I See You
by Clare Mackintosh
You do the same thing every day.
You know exactly where you’re going.
You’re not alone.
When Zoe Walker sees her photo in the classifieds section of a London newspaper, she is determined to find out why it’s there. There’s no explanation: just a website, a grainy image, and a phone number. She takes it home to her family, who are convinced it’s just someone who looks like Zoe. But the next day the advert shows a photo of a different woman, and another the day after that.
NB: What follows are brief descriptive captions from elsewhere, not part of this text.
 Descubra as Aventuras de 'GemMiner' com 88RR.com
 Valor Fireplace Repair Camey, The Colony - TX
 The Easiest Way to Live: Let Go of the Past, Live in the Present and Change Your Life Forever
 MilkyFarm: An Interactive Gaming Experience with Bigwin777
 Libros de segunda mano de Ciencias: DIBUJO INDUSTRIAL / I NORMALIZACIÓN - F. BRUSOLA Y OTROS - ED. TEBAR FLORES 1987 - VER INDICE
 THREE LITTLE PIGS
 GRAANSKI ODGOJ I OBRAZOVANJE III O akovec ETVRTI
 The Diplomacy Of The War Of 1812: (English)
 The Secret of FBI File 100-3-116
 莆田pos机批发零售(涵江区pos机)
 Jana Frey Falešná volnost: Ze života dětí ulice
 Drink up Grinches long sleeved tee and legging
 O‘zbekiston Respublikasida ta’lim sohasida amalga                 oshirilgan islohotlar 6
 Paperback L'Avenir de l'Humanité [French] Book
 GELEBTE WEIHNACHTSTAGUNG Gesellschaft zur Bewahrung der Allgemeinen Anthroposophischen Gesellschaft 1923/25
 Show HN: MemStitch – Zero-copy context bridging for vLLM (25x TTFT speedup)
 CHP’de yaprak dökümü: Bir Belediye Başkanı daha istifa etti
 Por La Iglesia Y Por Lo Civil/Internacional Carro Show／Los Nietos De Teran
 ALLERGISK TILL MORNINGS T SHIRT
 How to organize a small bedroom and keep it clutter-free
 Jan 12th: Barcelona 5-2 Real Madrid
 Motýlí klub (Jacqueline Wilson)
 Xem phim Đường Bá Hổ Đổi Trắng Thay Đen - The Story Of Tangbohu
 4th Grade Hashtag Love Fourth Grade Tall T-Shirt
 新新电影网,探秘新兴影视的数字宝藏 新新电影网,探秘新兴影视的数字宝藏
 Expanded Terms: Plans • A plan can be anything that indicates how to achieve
Is it a mistake? A coincidence? Or is someone keeping track of every move they make.
3.5 of 5 Stars
It took me a long time to get into this story for a few different reasons. First, the story progresses by going through alternating perspectives. In the first few chapters, this was more confusing than helpful. It’s not clear how the two separate story lines have anything to do with each other at first. It also didn’t help that I had trouble connecting with the characters. This was especially true with Zoe Walker who annoyed me greatly. I felt for her circumstances but found myself growing frustrated not only with her thought process but also many of her behaviors. I hated the way she treated her family and live in boyfriend.
I connected a little more with Kelly but found myself actually growing angry with her based on her interactions with her twin sister. While her personality is vastly different from Zoe’s, she also made a series of decisions that were frustrating. What I found even more irritating was how little repercussion she seemed to really have based on these poor decisions. As an example, she chooses to disclose certain information at a critical point in the investigation which is in direct opposition to a direct order from the lead detective on the case. Sure, she’s lectured, but it comes off more as a slap on the wrist and nothing else really comes of it. It’s not that it isn’t possible but it wasn’t the only example of her sort of ‘getting away’ with doing her own thing.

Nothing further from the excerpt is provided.